Effect of novel impact hydroforming technology on the formability of Al alloys

Abstract

Abstract Currently, Aluminium (Al) alloys are increasingly used in the aerospace and automobile industries because of their outstanding properties such as lightweight and corrosion resistance properties. On the other hand, the applications of these materials are limited due to their poor formability especially at room temperature. Although hydroforming technology is one of the technique used to improve the formability of Al alloys, it still cannot fulfil the requirements of designers and manufacturers to form thin-walled complex shaped components. It has been found that high-speed forming is able to improve the formability of lightweight metals at room temperature. Thus, this investigation aims at investigating the effect of the novel technology called impact hydroforming (high-strain-rate forming) on the formability of Al alloys. Impact hydroforming (IHF) technology is proposed by combining the advantages of high-speed forming and hydroforming, and it was used to address the issues of quasi-static hydroforming.
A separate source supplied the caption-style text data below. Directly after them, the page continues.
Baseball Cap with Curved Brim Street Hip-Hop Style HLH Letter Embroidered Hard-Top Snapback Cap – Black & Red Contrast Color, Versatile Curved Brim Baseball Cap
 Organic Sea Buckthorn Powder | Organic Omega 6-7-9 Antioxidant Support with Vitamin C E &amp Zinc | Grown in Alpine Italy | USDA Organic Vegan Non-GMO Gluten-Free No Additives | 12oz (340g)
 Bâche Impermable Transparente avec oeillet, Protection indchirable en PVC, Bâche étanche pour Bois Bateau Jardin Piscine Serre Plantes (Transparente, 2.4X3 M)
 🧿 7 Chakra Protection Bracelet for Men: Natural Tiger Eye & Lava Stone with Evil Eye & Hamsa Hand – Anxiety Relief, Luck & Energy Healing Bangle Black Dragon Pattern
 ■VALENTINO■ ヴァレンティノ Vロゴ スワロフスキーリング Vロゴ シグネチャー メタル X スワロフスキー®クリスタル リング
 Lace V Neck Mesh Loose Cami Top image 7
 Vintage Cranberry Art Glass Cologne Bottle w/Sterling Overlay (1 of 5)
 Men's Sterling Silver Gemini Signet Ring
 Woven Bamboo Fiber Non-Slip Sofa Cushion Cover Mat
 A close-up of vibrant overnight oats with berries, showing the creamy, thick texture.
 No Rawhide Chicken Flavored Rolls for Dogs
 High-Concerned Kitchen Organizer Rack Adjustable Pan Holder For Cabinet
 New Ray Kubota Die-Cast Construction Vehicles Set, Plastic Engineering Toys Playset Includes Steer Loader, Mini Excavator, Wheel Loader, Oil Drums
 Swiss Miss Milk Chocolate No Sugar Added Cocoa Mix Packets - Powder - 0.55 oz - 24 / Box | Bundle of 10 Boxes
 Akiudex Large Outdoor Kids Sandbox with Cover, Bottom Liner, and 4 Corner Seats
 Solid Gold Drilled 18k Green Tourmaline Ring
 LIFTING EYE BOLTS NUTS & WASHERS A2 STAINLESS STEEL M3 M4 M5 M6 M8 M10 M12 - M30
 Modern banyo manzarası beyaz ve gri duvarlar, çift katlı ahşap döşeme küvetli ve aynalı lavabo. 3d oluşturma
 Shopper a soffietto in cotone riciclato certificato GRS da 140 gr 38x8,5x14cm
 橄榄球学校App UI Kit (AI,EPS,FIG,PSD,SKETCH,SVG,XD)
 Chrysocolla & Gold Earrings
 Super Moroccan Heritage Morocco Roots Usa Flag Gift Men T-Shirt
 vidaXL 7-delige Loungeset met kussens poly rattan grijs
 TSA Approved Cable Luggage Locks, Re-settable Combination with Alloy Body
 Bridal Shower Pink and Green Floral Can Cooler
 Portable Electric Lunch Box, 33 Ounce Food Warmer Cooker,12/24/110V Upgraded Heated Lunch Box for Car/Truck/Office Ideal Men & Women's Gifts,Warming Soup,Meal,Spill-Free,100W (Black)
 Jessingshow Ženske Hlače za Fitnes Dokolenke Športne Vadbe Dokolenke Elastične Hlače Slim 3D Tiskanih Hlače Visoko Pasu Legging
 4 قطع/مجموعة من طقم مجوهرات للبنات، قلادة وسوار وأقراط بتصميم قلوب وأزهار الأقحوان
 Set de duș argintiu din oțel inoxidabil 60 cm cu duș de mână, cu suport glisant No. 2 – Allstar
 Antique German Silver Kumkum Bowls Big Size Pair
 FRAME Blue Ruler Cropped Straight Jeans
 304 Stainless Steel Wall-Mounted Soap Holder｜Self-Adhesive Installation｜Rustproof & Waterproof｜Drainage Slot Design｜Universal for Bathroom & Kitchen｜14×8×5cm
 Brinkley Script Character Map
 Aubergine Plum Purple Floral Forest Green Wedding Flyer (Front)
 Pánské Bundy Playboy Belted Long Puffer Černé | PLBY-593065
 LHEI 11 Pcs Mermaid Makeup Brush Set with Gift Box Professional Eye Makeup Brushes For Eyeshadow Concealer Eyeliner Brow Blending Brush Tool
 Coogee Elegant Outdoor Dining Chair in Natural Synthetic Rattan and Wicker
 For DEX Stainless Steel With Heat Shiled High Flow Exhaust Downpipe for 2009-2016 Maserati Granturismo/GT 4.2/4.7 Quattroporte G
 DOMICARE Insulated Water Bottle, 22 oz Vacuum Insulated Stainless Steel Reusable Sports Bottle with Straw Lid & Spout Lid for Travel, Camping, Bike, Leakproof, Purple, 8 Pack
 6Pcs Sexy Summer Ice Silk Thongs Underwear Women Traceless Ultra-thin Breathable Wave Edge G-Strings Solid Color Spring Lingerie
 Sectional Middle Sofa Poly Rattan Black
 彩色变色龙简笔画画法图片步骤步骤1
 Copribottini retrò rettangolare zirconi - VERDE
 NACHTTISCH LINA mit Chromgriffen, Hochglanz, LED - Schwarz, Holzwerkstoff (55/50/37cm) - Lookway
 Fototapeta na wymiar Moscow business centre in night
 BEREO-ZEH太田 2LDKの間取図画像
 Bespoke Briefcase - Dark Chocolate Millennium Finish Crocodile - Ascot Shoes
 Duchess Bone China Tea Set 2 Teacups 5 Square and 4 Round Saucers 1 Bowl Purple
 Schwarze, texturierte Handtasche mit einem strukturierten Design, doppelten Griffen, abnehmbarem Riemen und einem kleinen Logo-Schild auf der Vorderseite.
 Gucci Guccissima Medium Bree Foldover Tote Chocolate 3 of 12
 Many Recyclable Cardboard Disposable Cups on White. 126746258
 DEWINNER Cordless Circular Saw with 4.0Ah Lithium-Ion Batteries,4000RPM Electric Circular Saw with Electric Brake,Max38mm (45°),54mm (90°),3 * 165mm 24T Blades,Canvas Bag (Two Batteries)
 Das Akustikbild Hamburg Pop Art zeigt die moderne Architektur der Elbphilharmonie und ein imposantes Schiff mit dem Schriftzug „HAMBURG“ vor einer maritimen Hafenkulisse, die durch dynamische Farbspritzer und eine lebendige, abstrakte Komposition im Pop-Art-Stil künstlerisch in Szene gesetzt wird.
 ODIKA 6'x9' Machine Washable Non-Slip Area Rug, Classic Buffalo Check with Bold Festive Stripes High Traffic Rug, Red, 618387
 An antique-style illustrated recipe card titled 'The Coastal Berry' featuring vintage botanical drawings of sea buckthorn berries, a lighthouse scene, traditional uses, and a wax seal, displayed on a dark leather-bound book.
A high strain rate uniaxial tensile test was accomplished using Hopkinson tensile bar to investigate the effect of high strain rate on the formability of Al alloys. Thereafter, an IHF bulge experiment setup was developed by making use of a light gas gun which can accelerate the projectile up to 300m/s. The results show that the ductility and the formability of the Al alloy increased under high strain rate conditions, which means that the high-speed forming which is the basics of IHF technology is an appropriate method to improve the formability of Al alloys and form complex shape components.